Nel prosieguo, il messaggio rassicura che nulla cambierà per gli utenti: per ora, le due implementazioni del protocollo torrentizio rimarranno separate, uTorrent beneficerà dello sfruttamento delle innovazioni sviluppate dalla società di Cohen sulla tecnologia di distribuzione dei contenuti e il micro client verrà utilizzato per portare BitTorrent sui sistemi integrati quali tv, smartphone e piattaforme PC-incompatibili. Naturalmente, l'acquisizione permetterà di allargare la fetta di utenti interessata dalle nuove iniziative concertate in accordo con l'industria, da sempre desiderosa di avere il controllo dei maggiori network di peer-to-peer per contrastare efficacemente la distribuzione non autorizzata dei contenuti protetti da copyright.

Ma la community di uTorrent, come riporta BetaNews, non pare condividere la stessa eccitante prospettiva di Cohen e Ludde: per quanto non manchi chi si sia congratulato per il colpaccio del micro-torrent, nei fatti una sorta di consacrazione dell'importanza rivestita per tutti i torrentisti, non manca lo sconcerto per il "raw deal" e le sue possibili implicazioni sul futuro del client.

BitTorrent, è questa l'idea di fondo che emerge dalle reazioni degli utenti del forum di uTorrent, ha da tempo sposato la visione dell'industria multimediale, che è quella di trasformare in una piattaforma di affari legittima una tecnologia finora largamente usata per la proliferazione della pirateria online.
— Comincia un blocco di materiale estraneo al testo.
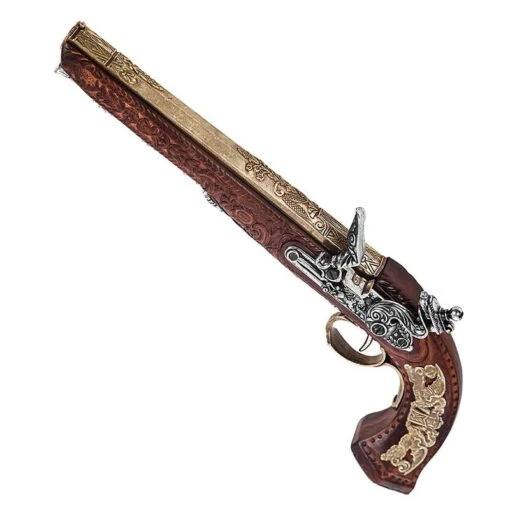 Pistolet De Pirate Duel - Accessoire Pirate - Image 3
"Il giorno in cui ci sarà anche un solo byte di software DRM nel mio client uTorrent", scrive l'utente Ikonoclasm, "Io me ne andrò. Non ho più fiducia in BitTorrent Inc da quando si sono accordati con l'industria del cinema, che ha più interesse per i propri margini di profitto che per i clienti. uTorrent è semplicemente passato dall'essere il miglior client disponibile ad una zona grigia, in cui il suo destino è determinato da persone che vengono pagate da chi è convinto che la tecnologia sia usata principalmente per fini illegali".

Le stesse qualità che hanno finora reso vincente uTorrent, l'ottimizzazione del codice garantita dal fatto che Ludde fosse l'unico sviluppatore a metterci mano, vengono ora date per bollite. Secondo quanto pubblicato in una FAQ sull'acquisizione, Strigeus diverrà "consulente tecnico" per BitTorrent, e il suo client continuerà ad esistere. Probabilmente per non molto.
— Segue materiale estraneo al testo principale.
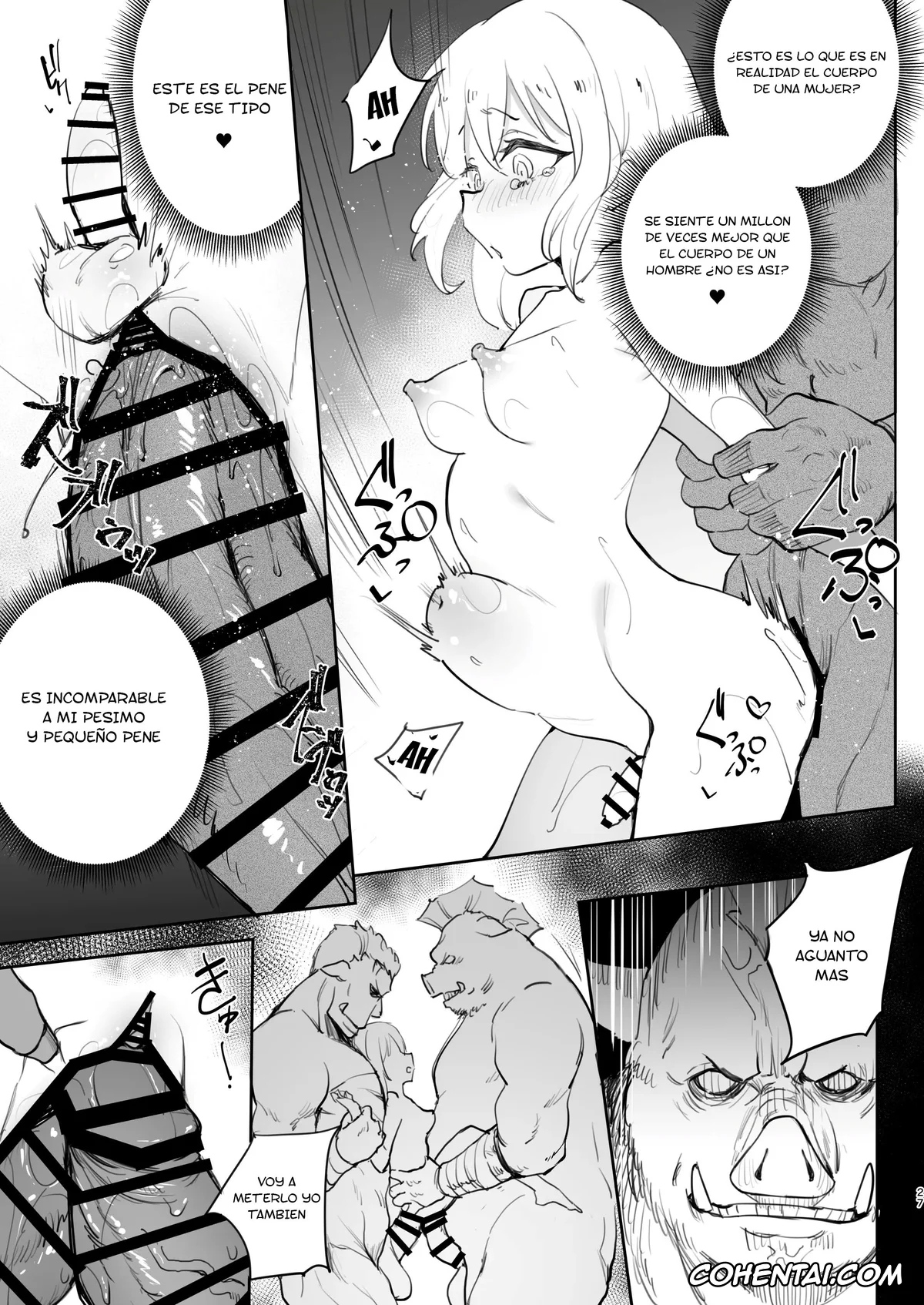 Tensei Shitara Slime datta Ken hentai, Geld hentai, Rigurd hentai, Rimuru Tempest hentai, Seitenkan Shitara Mesu Ochi Shita Ken (Tensei Shitara Slime Datta Ken), pagina 27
La piattaforma BitTorrent è insomma in movimento: l'acquisizione di uTorrent segue l'aggiornamento dell'altrettanto popolare Azureus, che nella recente incarnazione della versione 3.0 ha introdotto un meta-motore web per cercare e distribuire i contenuti disponibili su torrent. Il tutto tenuto sotto stretta sorveglianza, non sia mai che qualche DivX inviso alle major faccia la sua comparsa sul network del Dendrobates Azureus.

L'industria sta quindi usando efficacemente la testa di ponte di BitTorrent Inc. per espandere la propria influenza sulla rete torrentizia e, se questi sono solo gli inizi, si prevedono tempi veramente duri per gli aficionado della condivisione libera da restrizioni e da filtri imposti dall'alto.